É evidente que o péssimo exemplo de muitos partidos e parlamentares também contribuem. Mas creio que é possível destacar o papel da chamada grande mídia, que atua como porta-voz do universo conservador brasileiro, para quem a política, em geral, é sinônima de escândalos. O que se destaca é o mau exercício dos mandatos, os desvios éticos de parlamentares etc., que contribui para criar no imaginário popular o “são todos iguais”, como se a política se resumisse aos políticos (ou seja, parlamentares) e eleições, assim como os frequentes e cotidianos casos de corrupção, embora o faça de forma muito seletiva, como mostra o manchetômetro (www.machetometro.com.br) que analisando o período eleitoral e pós-eleitoral mostra como há uma postura parcial e tendenciosa, um tratamento da mídia intensamente desfavorável do Governo, da presidenta Dilma Rousseff e do PT.
Para o cientista político Fabiano Santos “O equívoco da criminalização da política brasileira, promovida pela cobertura diária da grande imprensa, e direcionada, sobretudo, para lideranças do Partido dos Trabalhadores, não decorre apenas da desinformação e de um possível viés ideológico em favor de oposicionistas ao governo. Decorre principalmente do fato de serem os grandes veículos de comunicação no país, grandes corporações e, como tal, favoráveis a uma agenda de corte liberal, tanto menos redistributivista quanto possível (…). Boa para gerar crises, e desacreditar governos de perfil mais popular, a criminalização da política é, essencialmente, péssimo meio de pedagogia democrática”.
Outro aspecto diz respeito à exclusão da participação política. Se a criminalização e a desqualificação da política atingem hoje níveis preocupantes, que leva ao afastamento das pessoas em relação à política e da participação eleitoral e beneficiam as tradicionais elites brasileiras, historicamente, a exclusão sempre existiu, especialmente em relação às classes subalternas: Desde a formação dos partidos políticos (Império) até 1945, não chegava a 6% o número de eleitores. A partir daí houve um crescimento não apenas do eleitorado, como da participação eleitoral. Esse aumento, no entanto, não significou maior participação na vida política e muito menos nas decisões governamentais. O eleitor, convencido pela cada vez mais sofisticada propaganda eleitoral (marketing), tem sua participação basicamente restrita a votar periodicamente.
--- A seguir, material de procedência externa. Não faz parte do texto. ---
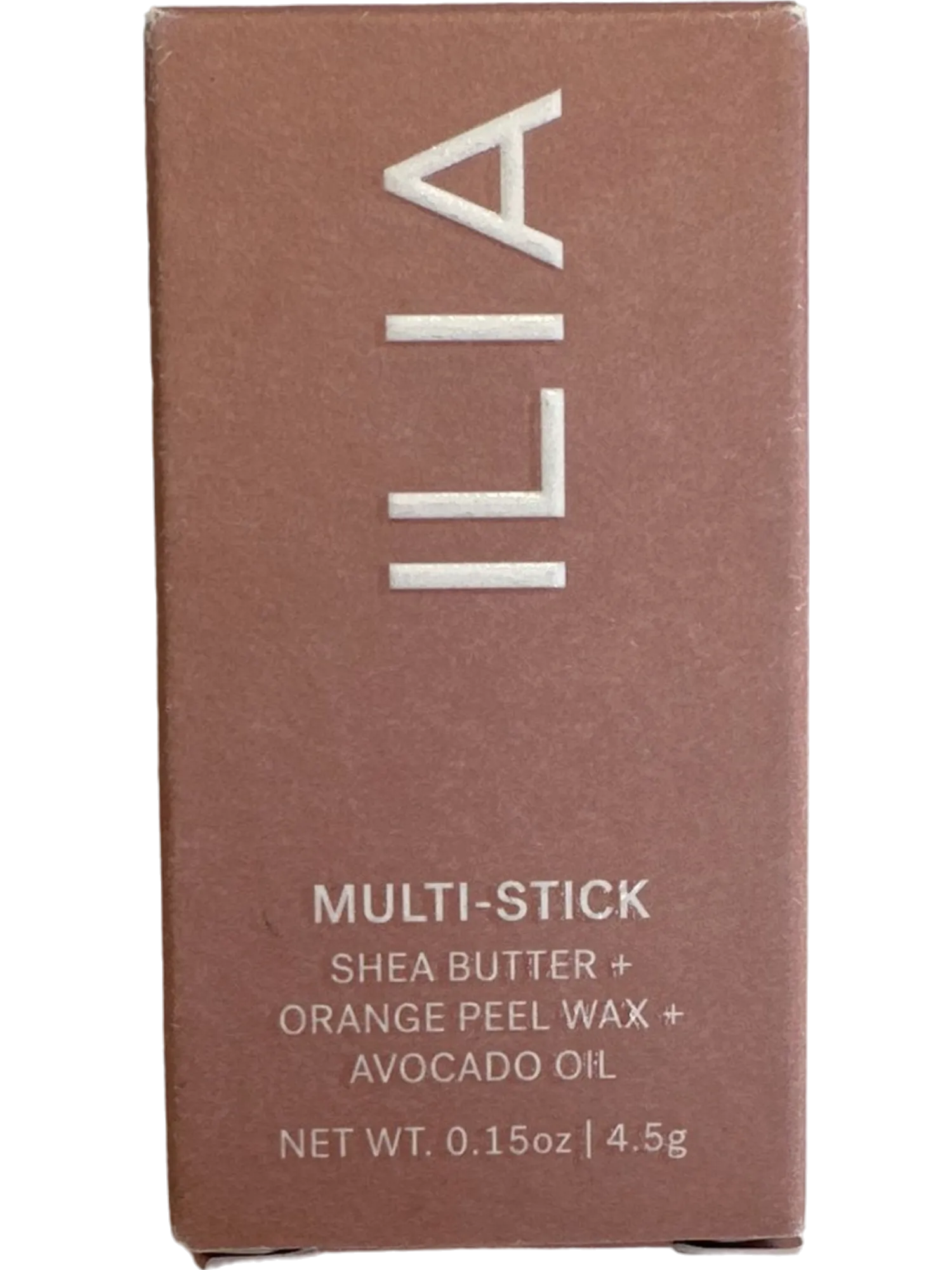 Ilia Beauty Multi-Stick Dear Ruby Sealed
Essa ausência de participação (e de enganação eleitoral), talvez explique, em parte, o aludido expressivo número de votos nulos, em brancos e abstenções que tem caracterizado às eleições no Brasil: Nas eleições presidenciais de 2014, por exemplo, mais de 37 milhões de eleitores votaram em branco, nulo ou se abstiveram. A falta de credibilidade dos políticos (e dos partidos) e que contribui para sua desqualificação, diz respeito também ao descompasso entre o que se promete nas campanhas eleitorais e o que não é cumprido. E mesmo governo eleito com programas reformistas tem de necessariamente fazer concessões, composições e alianças eleitorais tanto para ser eleito como para governar, que descaracterizaram completamente seus programas e intenções, decepcionando aqueles que o elegeram, aumentando o descrédito. Ou seja, há um conjunto de fatores que vão além de operações circunstanciadas e às vezes muito seletivas, que contribuem para a criminalização e desqualificação da política.